If you’re working with dramatic texts, automated character extraction is far less of a problem, since this kind of texts comes pre-structured, so to speak. If you work with one of the many TEI-tagged corpora it is even easier to pull out interactions and start analysing them with network metrics. Although, admittedly, sometimes it’s harder than it seems, depending on the quality and depth of the mark-up (we covered that issue in multiple postings last year).

But what do you do if you can’t rely on a fine-grained TEI corpus? That’s what we’re confronted with when gathering network data from Russian drama.
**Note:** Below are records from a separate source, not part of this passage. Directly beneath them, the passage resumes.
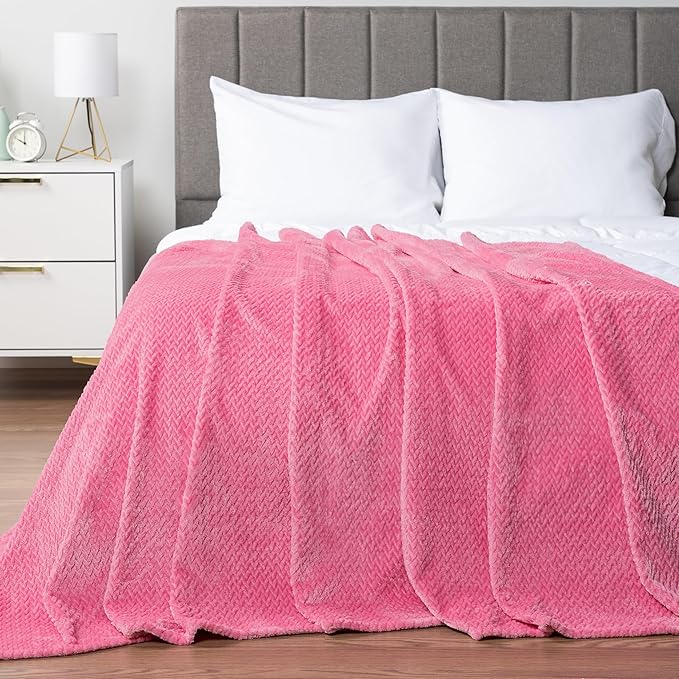 PAVILIA Soft Fleece Hot Pink Throw Blanket for Couch, Lightweight Plush Warm Blankets for Bed, Fuzzy Cozy Flannel Blanket Throw for Sofa, Travel, Jacquard Pattern, Hot Pink, 50x60 inch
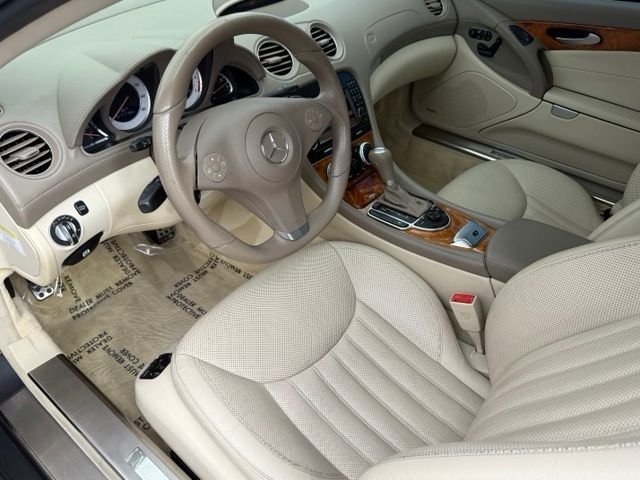 Used 2012 Mercedes-Benz SL 550 image 10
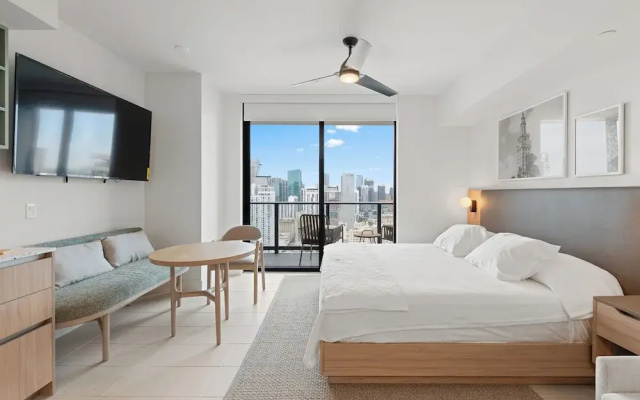 Prime Downtown Location Luxury Studio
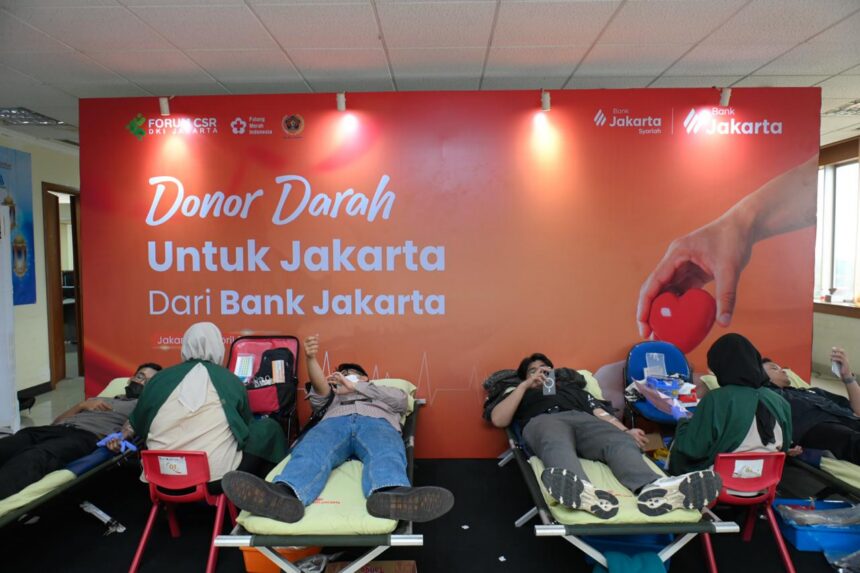 Pelaksanaan donor darah yang diselenggarakan Bank Jakarta. Foto: Ist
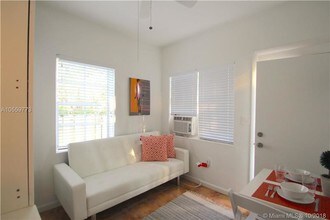 1455 Michigan Ave-Unit -7 in Miami Beach, FL - Foto de edificio - Building Photo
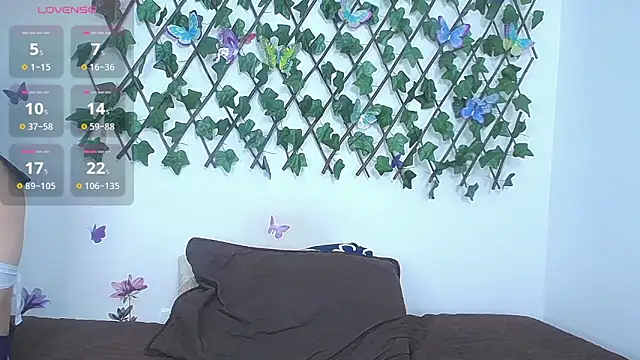 Snapshot of lizeth_wong chatting on 06/13/26, 01:20 lizeth wong online show from 06/13/26, 01:20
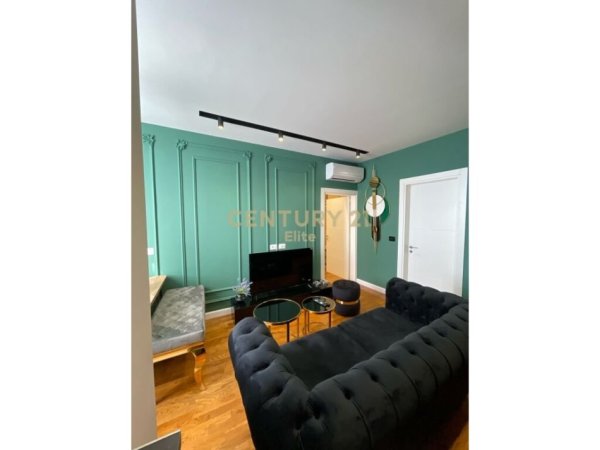 Tirane, jepet me qera apartament 1+1 Kati 6, 50 m² 750 € (Rr.Brigada e VIII)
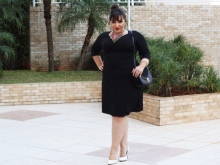 Fashionable three-quarter sleeve dress for a plump woman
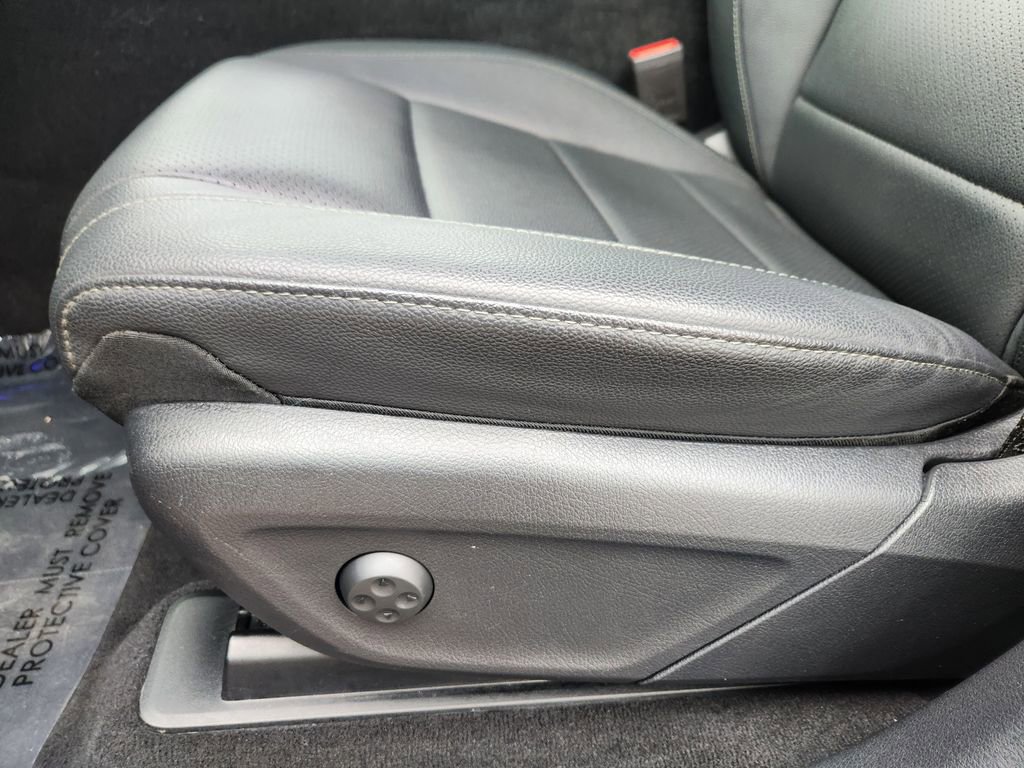 Used 2025 Mercedes-Benz GLE 350 4MATIC image 13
If you assemble all the plays that you can find on lib.ru, rvb.ru and ru.wikisource.org, you got yourself a pretty good working corpus. The sustainable way would be to assemble all the works and then transform them into TEI and share it with the community. But corpus building is a task of its own and needs a lot of dedication. And after all, we “just” need some kind of network data, not a polished digital edition of the works. So one idea to go forward is to exploit the HTML structure of the texts.

Mayakovsky’s “The Bedbug”

In the beginning of July, we taught a Network Analysis course at the First Moscow-Tartu Digital Humanities Summer School in Yasnaya Polyana (if you speak Russian, slides are here). Originally, we wanted to analyse 19th-century drama, but one of the participants preferred to confront our methods with one of Vladimir Mayakovsky’s plays (hi G.! :-). He chose “Klop” (translated as “The Bedbug”, see en.wikipedia.org; an English adaption by Snoo Wilson is here as PDF; a concise English summary can be found at sovlit.net), written in 1928 and first published the year after.

“Klop” is definitely one of the challenging plays when it comes to character extraction. And now, two months after the summer school, we tried to automatise the extraction process and used “Klop” as an example. Before we get into the details, this is the end result (visualised in Gephi 0.9.1 using its built-in modularity algorithm; the image is licensed under CC BY 4.0):

Character Network of Mayakovsky's 'Klop'

Network-Driven Synopsis

It’s the late 1920s in a mid-sized town in Soviet Russia. The protagonist in “Klop”, “Pierre Skripkin” (who changed his name from “Prisypkin”), abandons his socialist ideals, because after all the fighting and suffering he wants to start benefiting from what has been achieved. And because this is such an unusual play, we can actually base our synopsis on the network graph. The play consists of nine scenes:

  • In scene 1, we see Skripkin (dark-green, central node) with his friend Bayan and his soon-to-be mother-in-law Rozaliya (both orange) strolling through a warehouse where merchants praise their products (dark-green cluster).
  • In scene 2, Skripkin discusses his lifestyle with the characters in the light-brown/beige cluster.
  • Scene 3 shows Skripkin’s wedding with his bourgeois bride Elsevira (orange cluster). However, fire breaks out and everybody dies, except for Skripkin who, …
  • … in scene 4, goes unnoticed by the firefighters and is preserved in the icy water in the cellar. The firefighters and their captain are depicted in the red cluster, which is detached from the other clusters.
  • In scene 5, the play reaches the future, jumping 50 years ahead in time. It is now the end of the 1970s, a global socialist state has been created (kind of an aseptic one, though). We follow a call-in discussion among several participants led by an operator, depicted in the light-blue cluster. It is discussed if Skripkin’s recovered body shall be defrosted or not, and a majority votes in favour of unfreezing. Just like the red cluster, this light-blue one is also detached from the main cluster. So the transitional scenes between present and future are detached, character-wise, from the rest of the play, which is a nice structure-related finding: Skripkin is kind of tunnelling through these scenes into the 1970s.
  • In scene 6, we meet Skripkin’s ex-girlfriend Zoya Beryozkina, who already occurred in the first two scenes and who is the only other person next to Skripkin who makes it from the present to the future in this play. She shares scene 6 with the professor (purple), some doctors (dark-green) and the resurrected protagonist.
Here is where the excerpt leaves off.